◆ **Problem to work on**
In the records below, the lines between the one holding "Refreshing Resort Pool With Island Vibes" and the one holding "Bright dining area", inclusive, are to be transcribed exactly; no pictures are to be included.
_____
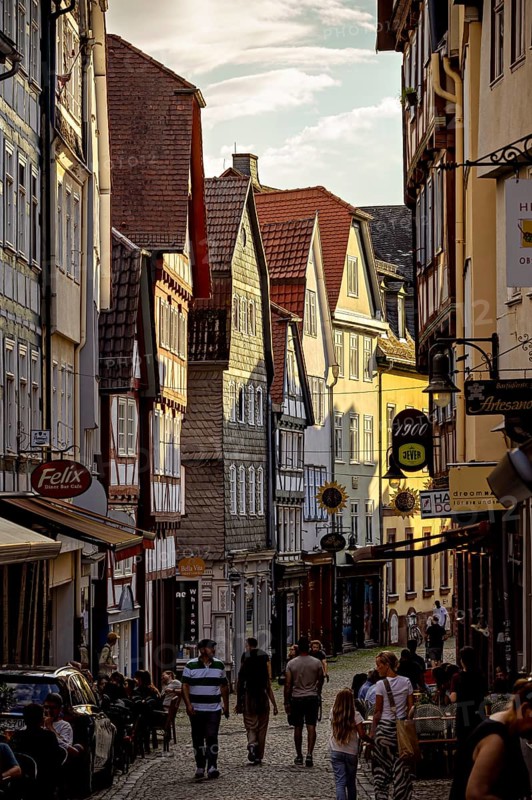 A picturesque old town street with half-timbered houses and walkers in an evening atmosphere, The historic old town of Marburg an der Lahn in Hesse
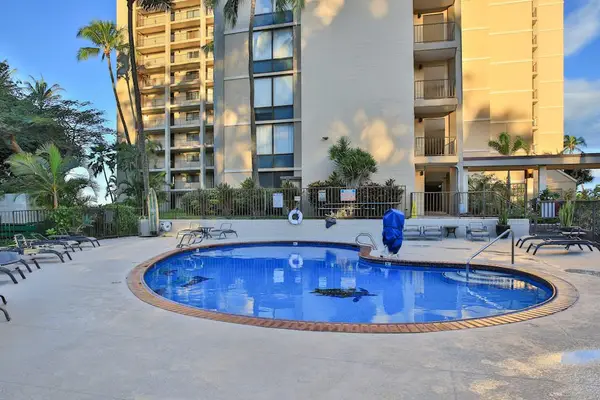 Refreshing Resort Pool With Island Vibes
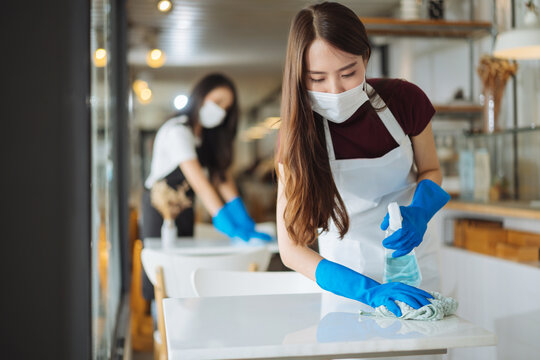 Waitress wearing face mask cleaning table disinfectant spray in in coffee shop restaurant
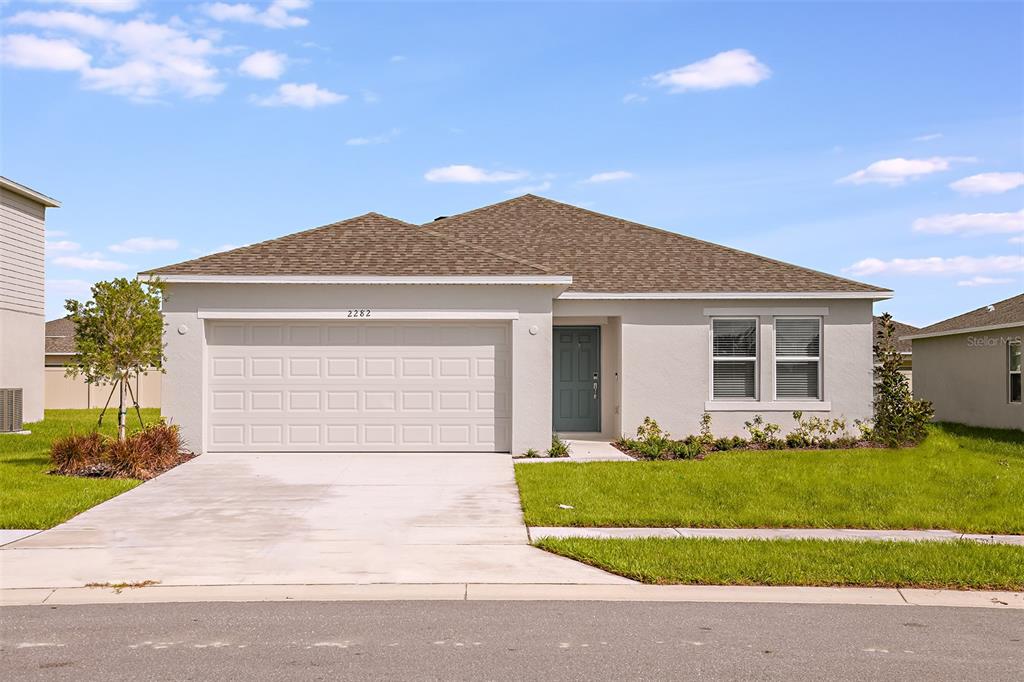 a front view of a house with a yard and garage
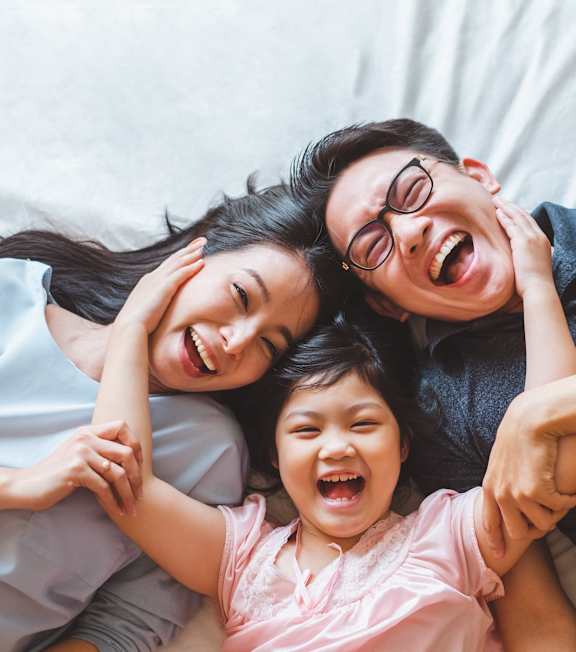 A family laughing in a bed at The Remington, Kentucky, 40511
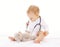 Little baby playing and listens stethoscope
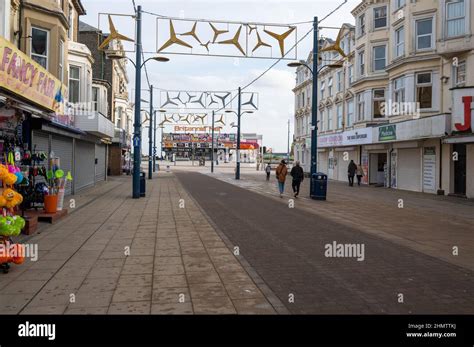 view of regent road great yarmouth in winter with small number of shops open and pedestrians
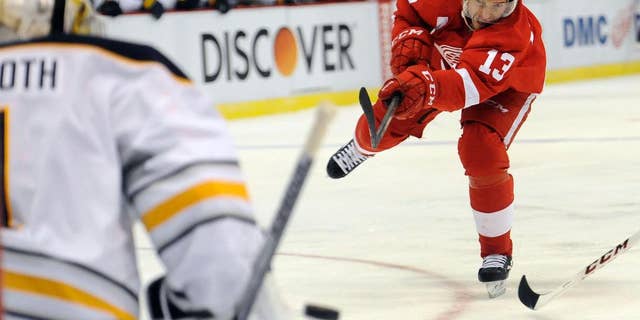 Detroit Red Wings center Pavel Datsyuk (13) of Russia, right, shoots the puck at Buffalo Sabres goalie Jhonas Enroth (1) of Sweden in the first period of an NHL hockey game at Joe Louis Arena in Detroit, Sunday, Jan. 18, 2015. (AP Photo/Jose Juarez)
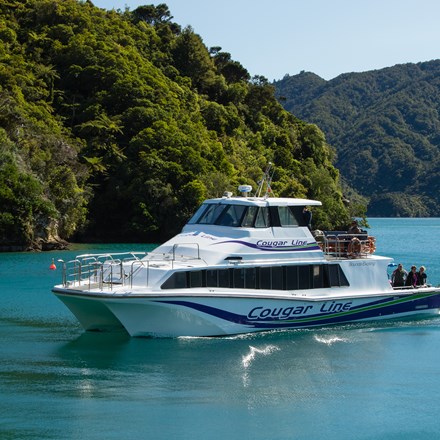 A Cougar Line boat with passengers onboard cruises into a calm bay in the Queen Charlotte Sound/Tōtaranui, Marlborough Sounds, New Zealand.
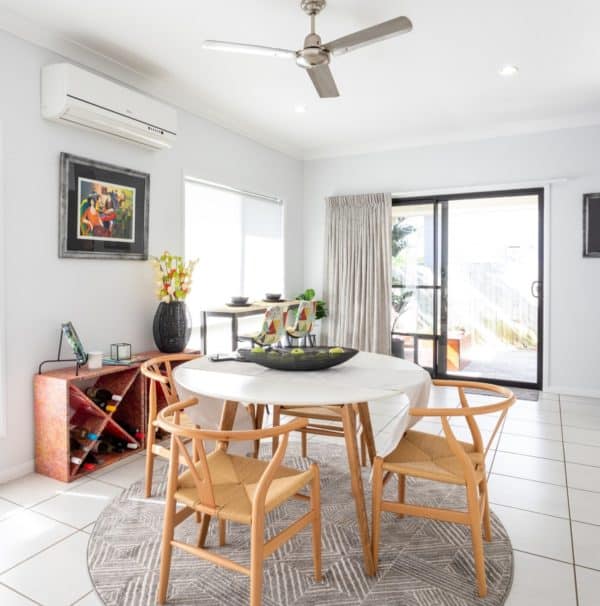 Bright dining area with a round table, four wooden chairs, wall art, wine rack, and sliding glass door leading outside. Ceiling fan and air conditioner are visible.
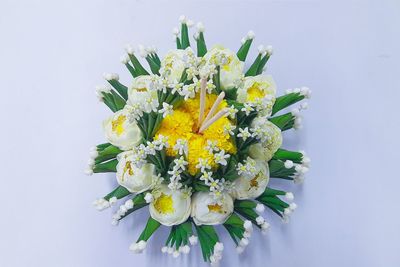 Close-up of flower bouquet against white background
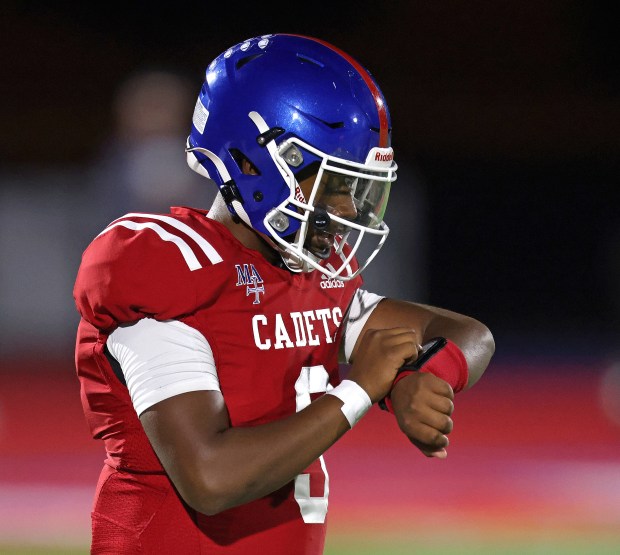 Marmion's Kam'ron Tolliver (3) checks his play list in the first half against St. Viator during a non-conference game in Aurora on Friday, Sept. 13, 2024.(H. Rick Bamman / The Beacon News)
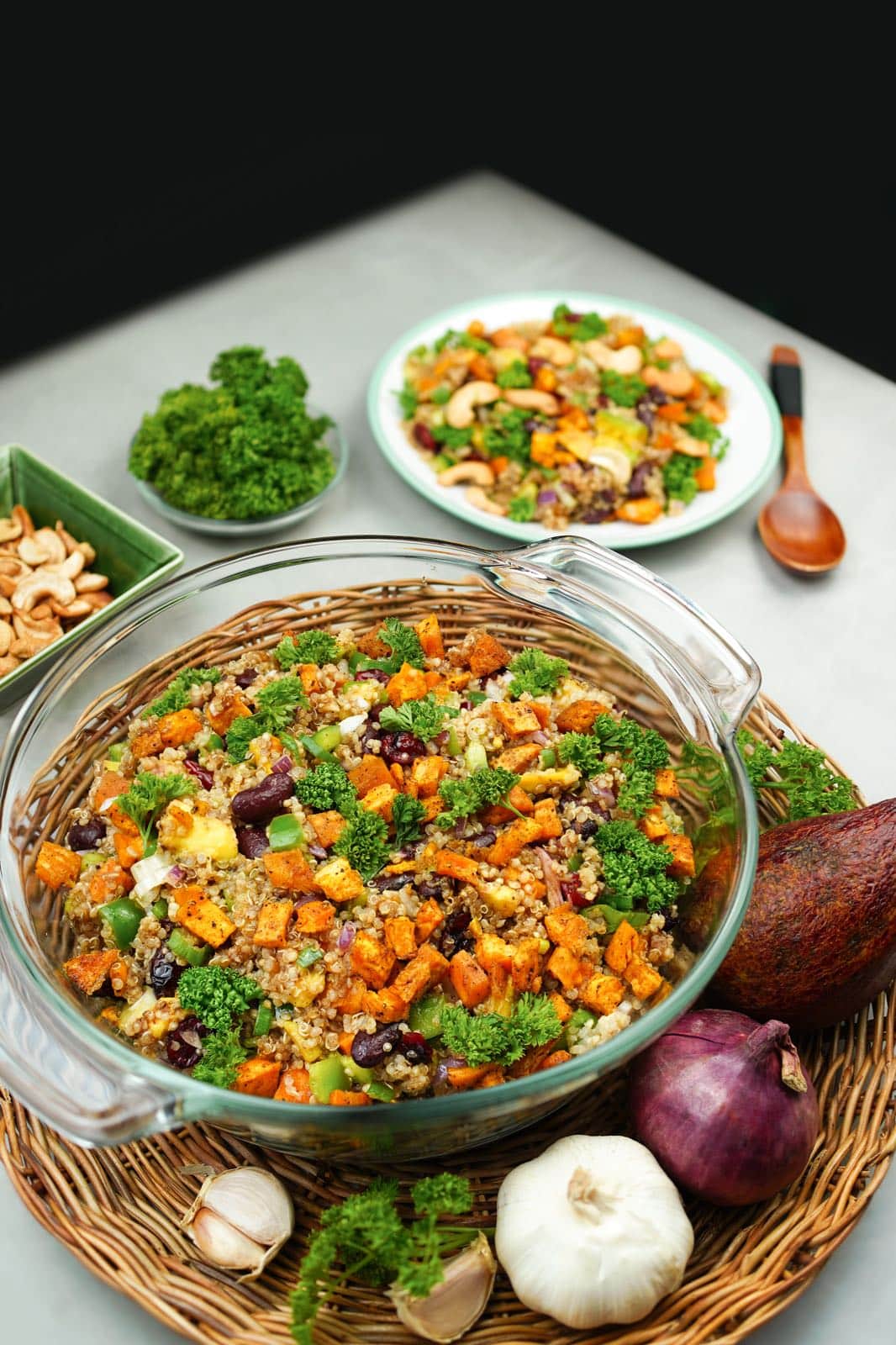 Colorful quinoa vegetable salad in glass bowl.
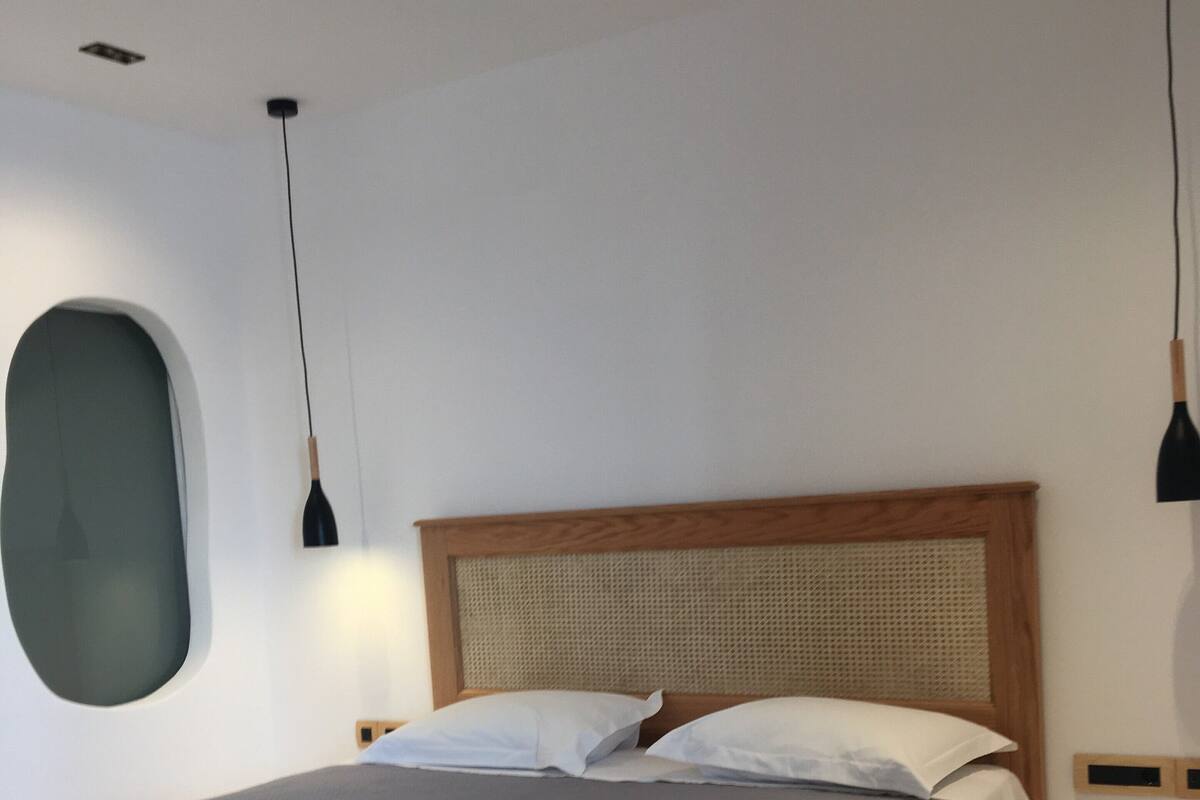Une chambre moderne avec un grand lit, une tête de lit en bois et deux lampes suspendues.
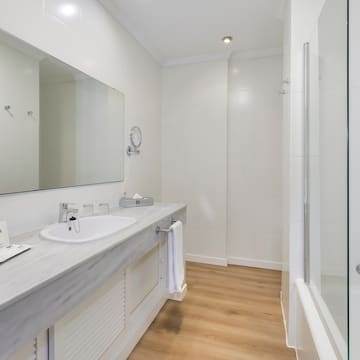 a bathroom with a sink and shower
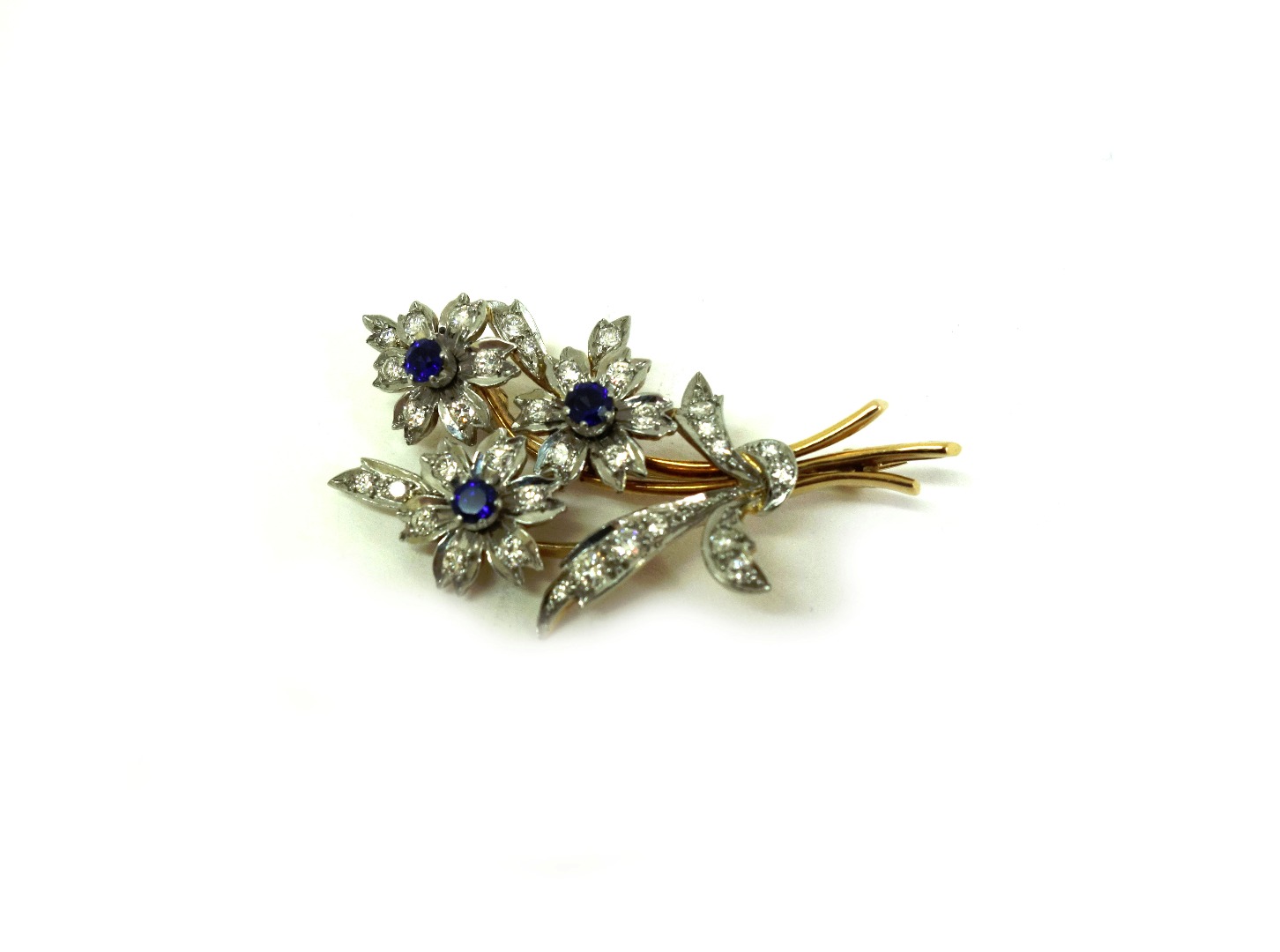 Appraisal: A gold platinum sapphire and diamond flower spray brooch 's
_____
◆ **Solution for this exercise**
 Refreshing Resort Pool With Island Vibes
 Waitress wearing face mask cleaning table disinfectant spray in in coffee shop restaurant
 a front view of a house with a yard and garage
 A family laughing in a bed at The Remington, Kentucky, 40511
 Little baby playing and listens stethoscope
 view of regent road great yarmouth in winter with small number of shops open and pedestrians
 Detroit Red Wings center Pavel Datsyuk (13) of Russia, right, shoots the puck at Buffalo Sabres goalie Jhonas Enroth (1) of Sweden in the first period of an NHL hockey game at Joe Louis Arena in Detroit, Sunday, Jan. 18, 2015. (AP Photo/Jose Juarez)
 A Cougar Line boat with passengers onboard cruises into a calm bay in the Queen Charlotte Sound/Tōtaranui, Marlborough Sounds, New Zealand.
 Bright dining area with a round table, four wooden chairs, wall art, wine rack, and sliding glass door leading outside. Ceiling fan and air conditioner are visible.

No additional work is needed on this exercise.